Baseada na HQ homônima de Charles Forsman, a série criada e dirigida por Jonathan Entwistle ("The End of the F...ing World") caminha o tempo todo no limite. Ela flerta com a ousadia, com o subversivo, mas é segura na maior parte do tempo. Ela também dá indícios de seguir um caminho diferente, mas pouco caminha rumo a este destino - justiça seja feita, com apenas sete episódios de cerca de 20 minutos cada, é realmente difícil de se aprofundar demais. A impressão que fica é que se trata de um prelúdio de algo maior.
A série acompanha Sydney Novak (Sophia Lillis, de "It"), uma jovem deslocada cujo pai se matou há cerca de um ano e cuja única amiga se tornou uma garota popular após “desenvolver peitos e tirar os aparelhos”. Syd vive com problemas em casa e briga constantemente com a mãe. Seu caminho se cruza com o de Stanley (Wyatt Oleff, também de "It"), um esquisitão bem hipster e igualmente deslocado.
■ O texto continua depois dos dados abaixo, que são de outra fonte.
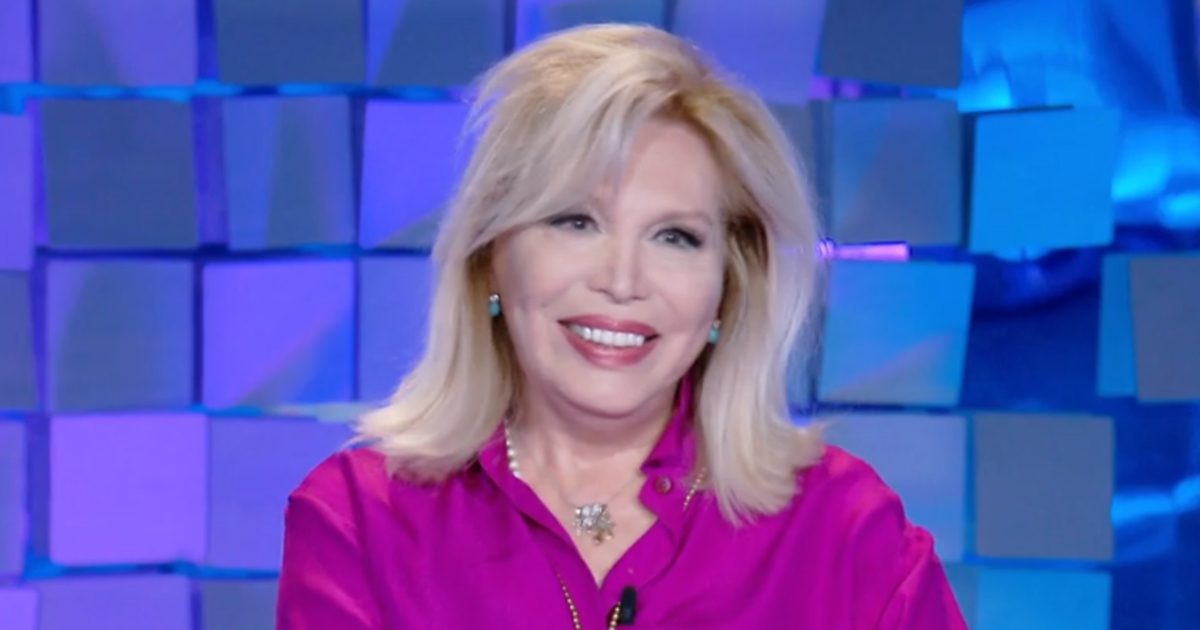 Amanda Lear parla delle avance che le rivolgono i giovani: "È bello sapere che qualcuno è ancora interessato"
Em meio a toda inadequação adolescente, Sydney descobre ser capaz de mover objetos com a mente, mas ela não consegue controlar os poderes telecinéticos - eles só se manifestam quando a jovem está sob forte pressão.
Referências
Uma clara homenagem a “Carrie, a Estranha” nos primeiros minutos já dá indícios do que pode acontecer na trama, mas o roteiro gasta bem seu tempo antes de voltar àquele ponto. “I Am Not Okay With This” trabalha com as possibilidades criadas por seu texto, mas abandona parte do que constrói na primeira temporada em função de um gancho para uma história maior a ser desenvolvida.
Em certo ponto, por exemplo, parece que a história de Sydney seguirá um caminho à la “Umbrella Academy”, mas durante a maior parte do tempo ela está mais para “Sex Education”, mesmo sem o brilhantismo desta. Há bons momentos de descoberta dos poderes, mas eles logo dão espaço ao lado drama adolescente da série, e não há problema algum - são apenas escolhas.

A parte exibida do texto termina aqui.